Potty about pottery!

Since being unable to work I’ve had to find other things to fill the void in my life.

Many people may be thinking how wonderful it is to be at home all day but that’s far from the reality. Being unable to work brings with it money worries and a feeling of guilt. And as far as sitting around all day… well we are doing it on our own (or with young children as I did for a couple of years) while in constant daily pain, struggling to do the most basic of things and often fighting with medication side effects. It gets very lonely and it’s very easy to find yourself falling into a depression. If given the choice most with a chronic illness would happily give up their illness for the chance to work again.

Thankfully, around a year after I lost my ability to work I started a pottery class. I’ve never done it before but I had seen my mum doing ceramics classes and saw what things she had made.

Apart from anything else, I got out of the house and had the chance to socialise with my fellow classmates. Many I am still in touch with all these years later.

In the beginning I found it hard to let my creative juices flow. After being a scientist for so many years I was stuck in the logical Vulcan type mindset *does Vulcan hand greeting* and my creativity has been stifled. Slowly, as I persevered I found that I actually have an affinity for the clay. I love how it moulds into whatever you can think of. I might share some of my early work with you sometime, if I’m feeling brave. But it was a start and at the time I had no idea that I would end up with a kiln and wheel of my own, and a workshop in my garage!

An early photo of me learning to make a coil pot in pottery class.

An early photo of me learning to make a coil pot in pottery class.

This is a photo of me in my first pottery class. We were learning how to build coil pots for part of our accredited course. I never did like that technique but I have tried it again since and found that it does have it’s place.
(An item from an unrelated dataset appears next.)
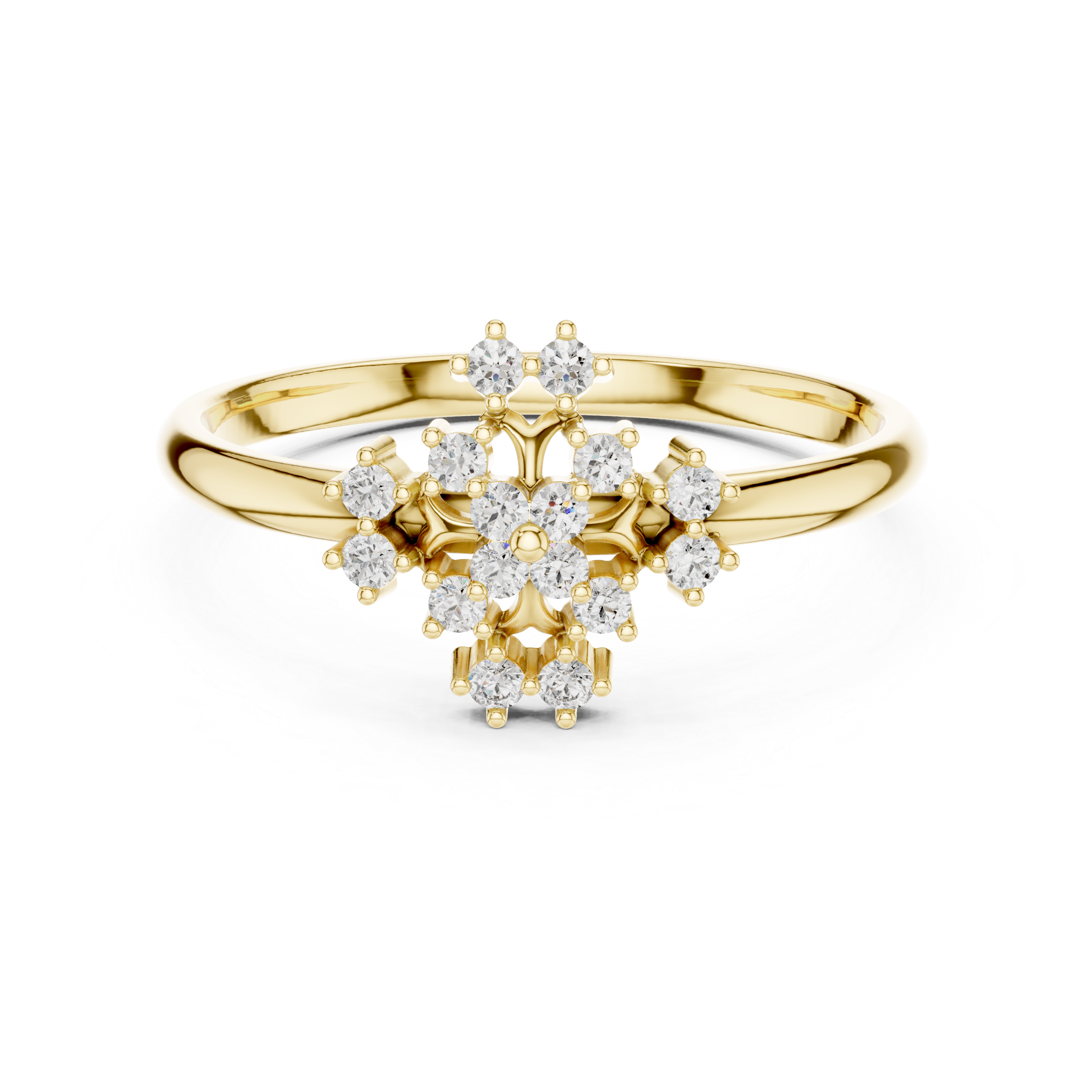 Men's wedding band with smooth matte finish.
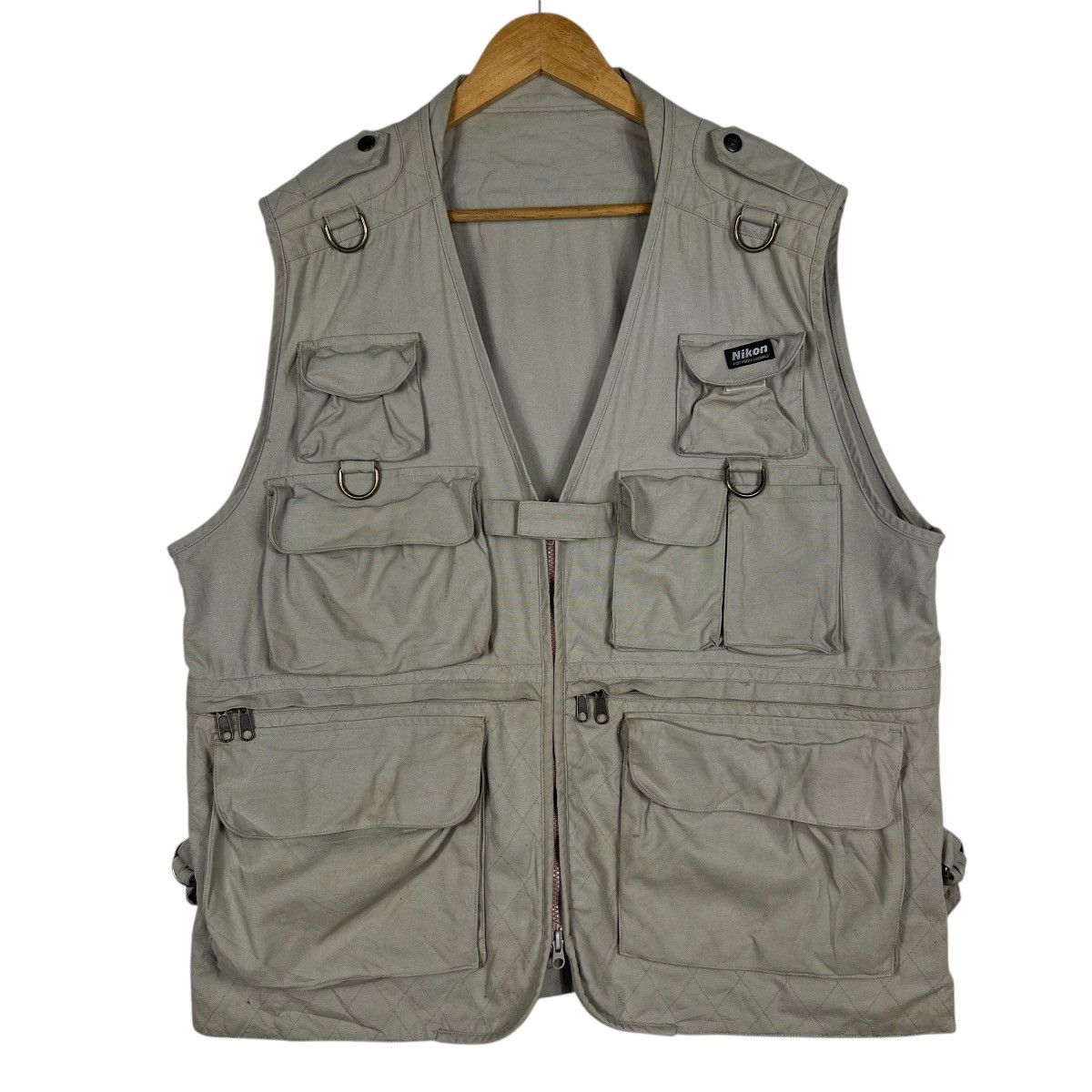 Nikon 🔥 Vintage Nikon Camera Multi Pocket Utility Survival Vest Size US XL / EU 56 / 4 - 1 Thumbnail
I’ve since done 3 years of courses until the charges for these classes put them out of my reach. Saying that I think I’ve learn the most in my garage trying out ideas and using books for technical details. I have a small collection of prized books now. They are my babies!

Getting Kenny, my kiln was one of the best things I could have done to help heal myself (by that I mean get to the acceptance phase of life with illness). I also had to name my kiln Kenny so that I could say, ‘Oh my god! I’ve kilned Kenny!’ I will leave the last bit off though so as to keep this page child friendly! I know the South Park fans out there will know what I mean. Wink!

To keep my interest I bought a second hand pottery wheel, now named Lily, and am teaching myself how to throw on the wheel. It’s been put on hold for a while though as it’s so cold in the garage in the winter and that doesn’t help my joints a whole lot. My aim is to throw a set of dinner plates and bowls for the house. Yes, it’s a long term goal, but you have to have goals in life. I plan for them all to be different and very colourful! I’m not sure what hubby think about it though. Talking of hubby, don’t tell him┬ábut he’s better on the wheel than me!

Please excuse the really poor photography, it's an oldie!

Please excuse the really poor photography, it’s an oldie!

Oh go on then… this is my first piece of ceramics that I brought home. Please excuse the awful photography and the harsh flash shadow. I promise I’ve learnt a few things about photography since!

If you look carefully you can see that this vase is actually wonky and has, in fact, become known as the wonky vase in this house! The glaze is too thin and I didn’t add enough crystals for more spots. I learnt a lot from this piece. I keep it on the top of my lounge unit to remind me just how far I’ve come over the years.

I will be adding some of my recent (and decent) makes to the shop on this site over time. In the meantime you can have a nose at my site on Etsy to see what I do now. Here it is.

I think that’s something important that we should all do. What ever craft or form of creativity (writing, music etc) you tap into don’t forget to keep a record of your early work. You might be over the moon with your efforts or like me, not get things quite right. Either way when you look back after a year of practicing your craft you will be amazed at how much you have achieved. I encourage you to see it more as a journey.

If you are really brave then why not post a photo of your early creations to share with us? Go on!